→ ABOUT THIS EXERCISE
With any pictures left out, restate word for word the lines in the listing below from the one holding "a living room" through the last.

→ EXERCISE DATA
----
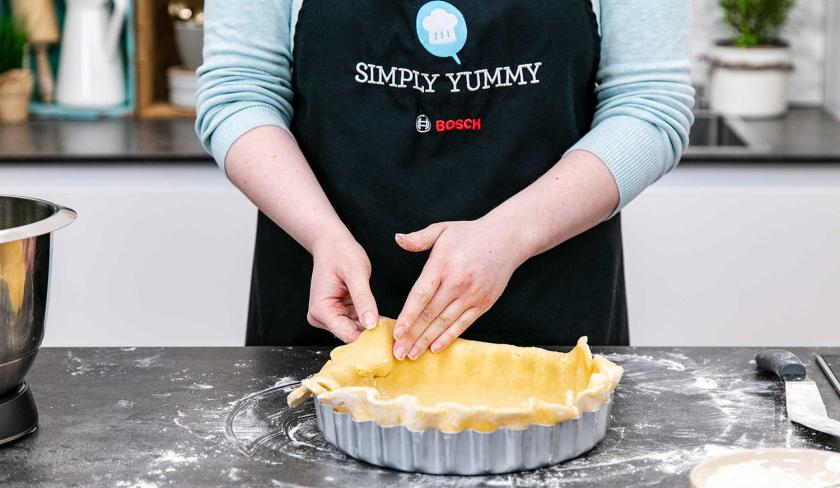 Der Teig für den Heidelbeerkuchen mit Schmand wird in die Form eingepasst.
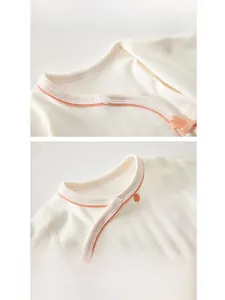 Detail of baby bodysuit bound neckline with orange contrast trim and soft ribbed cotton fabric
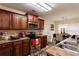 Well-equipped kitchen featuring wood cabinets, stainless steel appliances, and adjacent dining area at 6245 Hickory Lane Cir, Union City, GA 30291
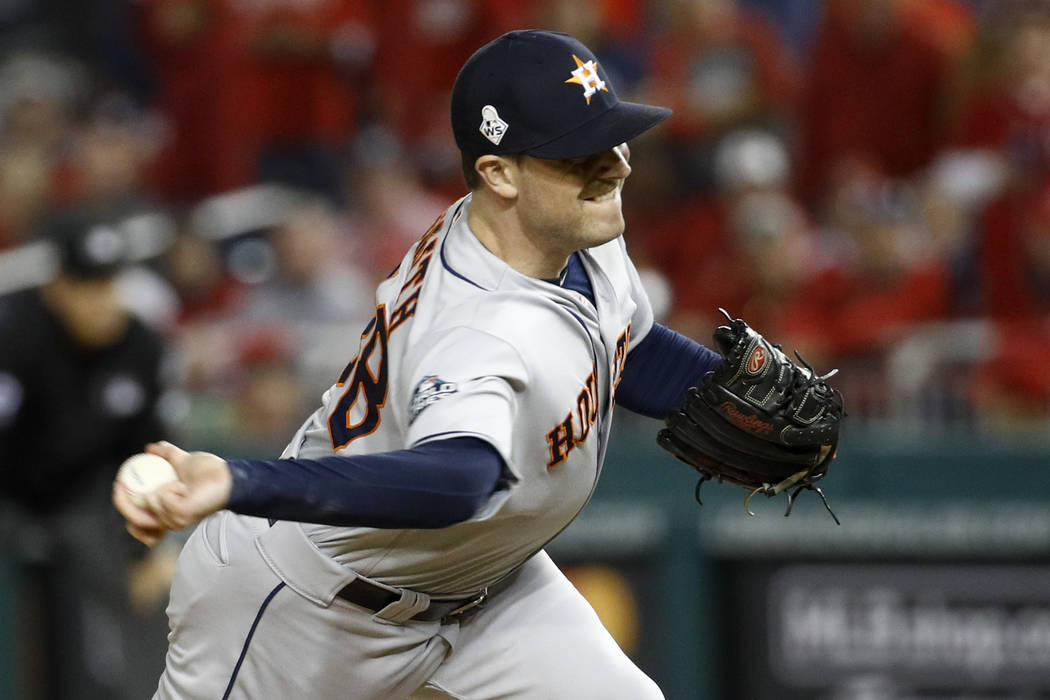 Houston Astros relief pitcher Joe Smith throws against the Washington Nationals during the eigh ...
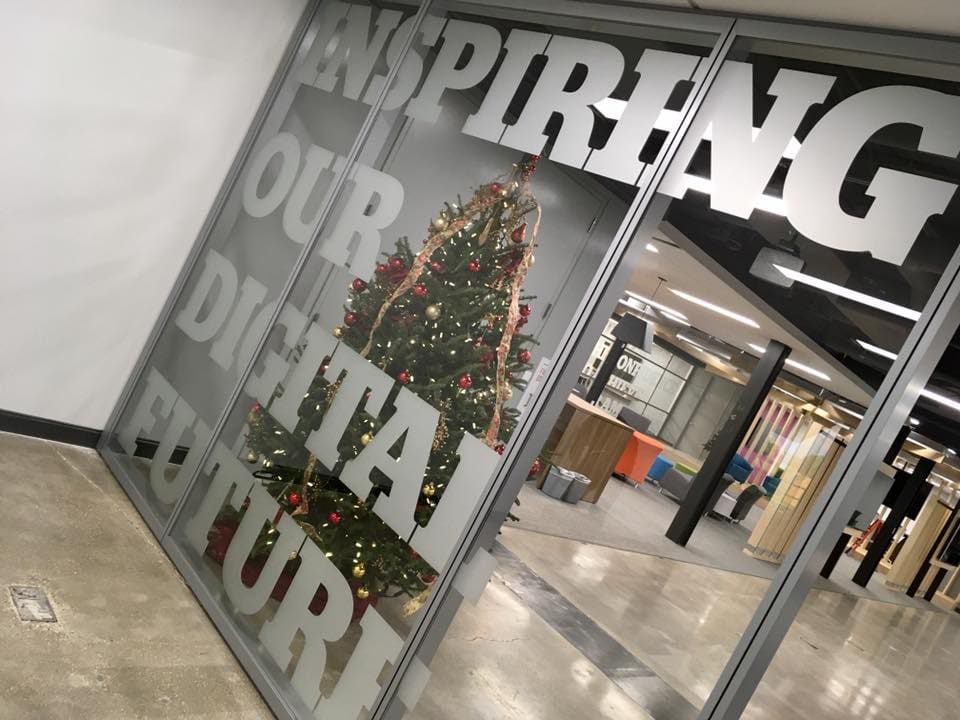 Glass film banner looking into the hallway with the saying 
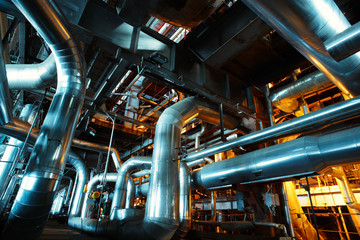 different size and shaped pipes and valves at a power plant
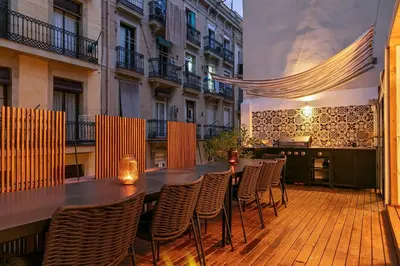 a patio with a table and chairs on a balcony at Penthouse with Rooftop apartment in the Barceloneta - Barcelona in Barcelona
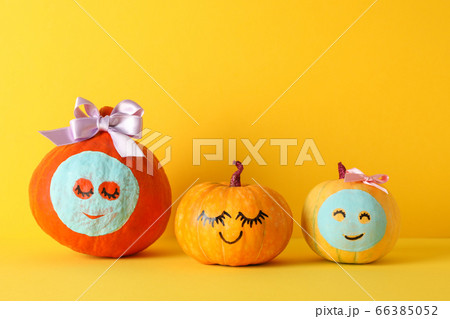 Funny pumpkins on yellow background. Body care 66385052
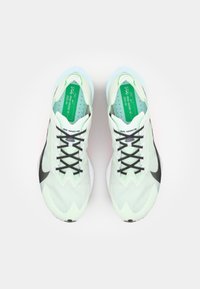 Des chaussures de course vert clair présentent une tige en maille respirante avec un motif en zigzag, des lacets noirs et un design de semelle courbée distinctif.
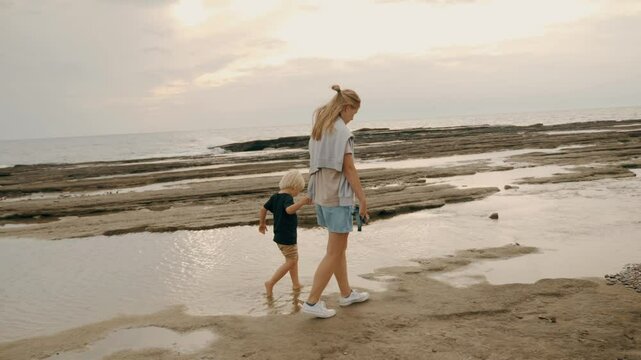Tourist family mother father and son kid walking sea beach coastline sunset sunrise slowmo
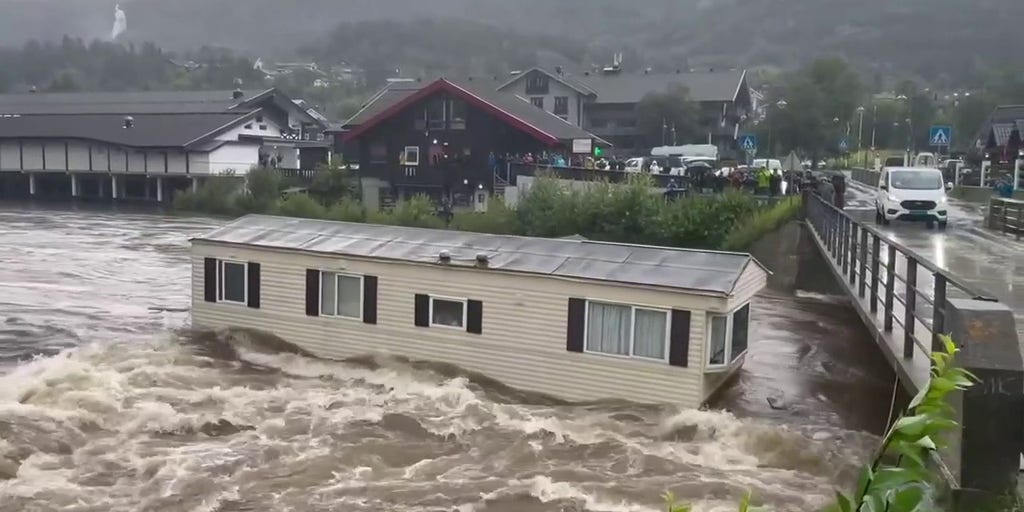 Watch as Norway floodwaters carry away homes, campers and crush them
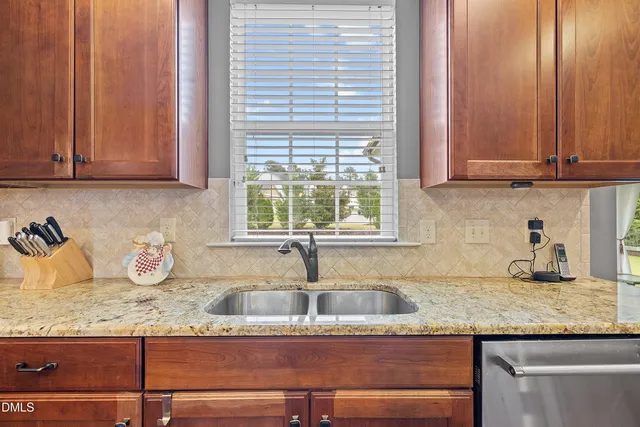 a living room with furniture and large windows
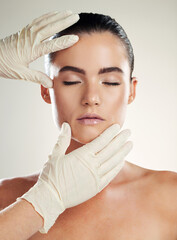 Patient, beauty and plastic surgery with hands on woman face for dermatology collagen cosmetics....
----
→ OUTPUT
 a living room with furniture and large windows
 Patient, beauty and plastic surgery with hands on woman face for dermatology collagen cosmetics....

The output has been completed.